YOUR TASK: Transcribe only the lines of the listing below from the one holding "High Barnet Apartment" through the one holding "Έπνιξαν στα χημικά", inclusive, without any change.

DATA SUPPLIED:
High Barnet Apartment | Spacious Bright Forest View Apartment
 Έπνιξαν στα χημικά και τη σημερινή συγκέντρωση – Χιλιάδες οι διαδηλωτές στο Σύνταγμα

==

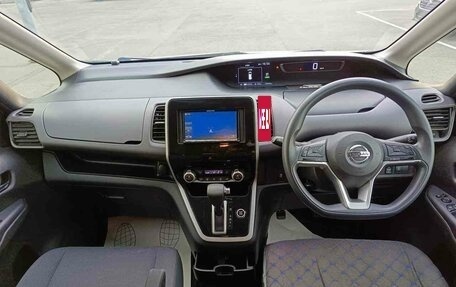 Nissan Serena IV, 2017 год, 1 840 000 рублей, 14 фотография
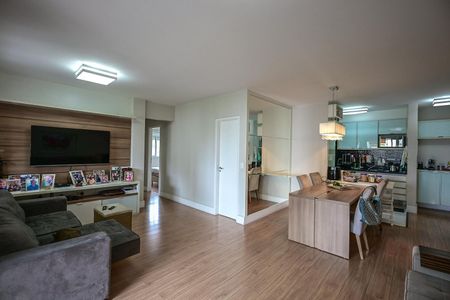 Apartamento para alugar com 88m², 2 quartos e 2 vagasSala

TASK RESPONSE:
High Barnet Apartment | Spacious Bright Forest View Apartment
 Έπνιξαν στα χημικά και τη σημερινή συγκέντρωση – Χιλιάδες οι διαδηλωτές στο Σύνταγμα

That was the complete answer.